**WHAT IS EXPECTED:**
Count every line in this listing that has "front". Reply with only the total.

**ENTRIES PROVIDED:**
▬▬▬▬▬▬▬▬▬▬
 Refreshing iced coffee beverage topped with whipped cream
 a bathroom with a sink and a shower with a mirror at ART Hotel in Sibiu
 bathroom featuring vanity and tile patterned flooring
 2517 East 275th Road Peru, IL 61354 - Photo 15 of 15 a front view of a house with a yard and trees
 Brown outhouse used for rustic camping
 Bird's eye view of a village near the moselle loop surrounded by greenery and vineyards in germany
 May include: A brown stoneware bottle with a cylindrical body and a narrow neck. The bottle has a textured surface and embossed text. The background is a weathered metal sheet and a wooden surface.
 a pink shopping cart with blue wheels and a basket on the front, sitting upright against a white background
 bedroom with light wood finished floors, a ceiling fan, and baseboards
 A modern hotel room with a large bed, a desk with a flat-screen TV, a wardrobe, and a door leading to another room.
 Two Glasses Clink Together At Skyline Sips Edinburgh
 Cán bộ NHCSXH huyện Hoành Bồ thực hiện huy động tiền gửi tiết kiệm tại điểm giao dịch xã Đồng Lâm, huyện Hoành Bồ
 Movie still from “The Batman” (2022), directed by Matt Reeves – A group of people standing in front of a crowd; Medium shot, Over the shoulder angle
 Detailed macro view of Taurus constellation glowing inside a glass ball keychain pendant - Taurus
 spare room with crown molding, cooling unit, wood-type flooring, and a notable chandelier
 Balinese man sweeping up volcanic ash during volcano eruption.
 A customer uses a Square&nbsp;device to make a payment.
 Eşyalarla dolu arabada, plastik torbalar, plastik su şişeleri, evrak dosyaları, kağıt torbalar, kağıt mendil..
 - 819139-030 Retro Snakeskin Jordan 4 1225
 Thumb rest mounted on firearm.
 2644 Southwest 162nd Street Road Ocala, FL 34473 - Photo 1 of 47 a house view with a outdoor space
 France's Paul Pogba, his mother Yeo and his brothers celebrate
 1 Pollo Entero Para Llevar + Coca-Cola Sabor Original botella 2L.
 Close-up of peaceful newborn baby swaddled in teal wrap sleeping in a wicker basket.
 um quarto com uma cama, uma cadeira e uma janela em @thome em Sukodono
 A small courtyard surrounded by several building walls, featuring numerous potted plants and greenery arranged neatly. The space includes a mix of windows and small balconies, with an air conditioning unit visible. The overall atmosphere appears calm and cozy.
▬▬▬▬▬▬▬▬▬▬
**FINAL ANSWER:**
3